I'll have to check for that plant next time I go canoeing in Cedar Creek. It's only about 1/2 hour north of where you were. It's right off exit 77 southbound on the Parkway. There's a place there called Triple T Canoes that runs rentals if you need one.


----------



## spypet

mikenas102 said:


> Just an idea about the above ground runners. I know giant hairgrass qould do that when I was growing it. I placed root tabs under them and it seemed to lessen the problem somewhat. Maybe the rich root tabs gives the plant a reason to keep the runners underground?


Thanks Mike, that makes a lot of sense. I found it growing in foot deep water in a foot of thick muck, so it would probably do best growing in a very fine substrate that is laterite enriched. luckily I have 1-2mm quartz gravel, since anything larger or heavier would probably crush these grass blades when corys or loaches nose around the gravel. I'm about to trim and replant any above ground runners, so once I'm done I'll break up a Seachem Plantab or two, push them about a inch below my gravel line, and see if it makes a difference over the next Month of growth.


----------



## waterfaller1

I would also like to get on the wait list when you are ready to sell some.
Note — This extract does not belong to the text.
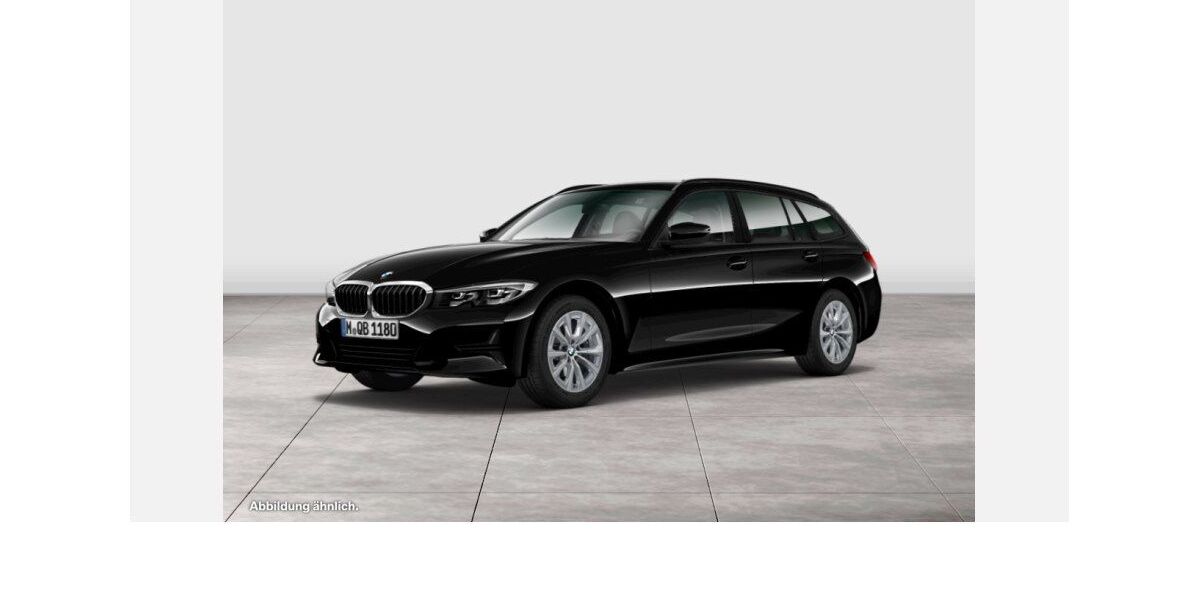 BMW 320 114.880 km 23.690 &euro; Köln-Nord 50739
I grew up in N.J., never saw such pretty scenery though living in the burbs.


----------



## spypet

since you revived this thread, I may as well update my progress.
I now have a square foot of this stuff; working on a square yard 

Here are some more things I've learned while experimenting with it;

- it grows just fine in as little as 2wpg, so more light means faster growth.
- when grown fast, regular trimming and root replanting will be required.
- it easily withstands bleach dipping, and typical H2O2 or Excel treatments.
- dwarf corys, bumblebee gobys, and typical up to 1" shrimp love this stuff.
- flag fish, SAE, any crayfish (even dwarf) may pull this grass up and out.
- care must be taken to avoid crushing plantlet rootballs with a tweezer.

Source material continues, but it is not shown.